Ia datang ditemani Daniel mahasiswanya. Pdt Gerrit memang istimewa. Sejak dulu selalu terlihat dikelilingi cowok-cowok ganteng dan, rata-rata, pintar.
"Betapa beratnya menjaga citra Salatiga," kataku.
Sebagai guru, Salatiga sangatlah layak dijadikan contoh toleransi. Kota ini perlu terus dijaga agar tetap sehat dan menginspirasi.
Itu sebabnya, aku sendiri sedikit agak mengkhawatirkan "kesehatan,' kota sejuk nan asri ini. Beberapa jurnal yang aku baca menyatakan Salatiga terbilang cukup rapuh dibalik kewibawaannya.
"Ada satu gereja yang konon belum dapat IMB sejak 12 tahun lalu. Bahkan ada yang telah mengantongi IMB namun belum bisa membangun sejak lama, di kota ini. Ini tantangan kita semua," kataku kepada forum.
Yang membuatku kaget dan gembira adalah cerita dari Gus Bahruddin, pendiri Qaryah Thoyyibah, yang hadir saat itu. Ia menceritakan ada rombongan frater live in di pesantrennya beberapa minggu. Dan ia mempersilahkan mereka beribadah di pesantrennya.
"Gus Bahruddin ini level wali. Cocok dadi rois aam," kataku.
Setelah selesai acara, aku diantar Pdt.
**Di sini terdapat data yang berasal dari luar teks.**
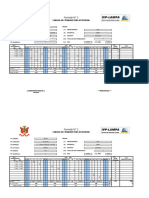 FORMATO N 01-02-03 Cargas Progra y Resumen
Roy dan Sidik Pramono melakoni ziarah singkat ke kampus UKSW. Ini pertama kali aku masuk di dalamnya, setelah beberapa kali hanya lewat di depannya.
Pagi sebelum acara, aku sempatkan jalan kaki, menyusuri beberapa jalan di Salatiga. Aku sengaja tidak pakai alas kaki. Model gelandangan. Beberapa tatapan mata melihatku dengan aneh. Biarin saja.
Aku pengen sekali berlama-lama di kota ini, kota yang menurutku selalu menyediakan atmosfir mistis cum akademik. Sayangnya, aku harus balik ke Jombang via Stasiun Solobalapan.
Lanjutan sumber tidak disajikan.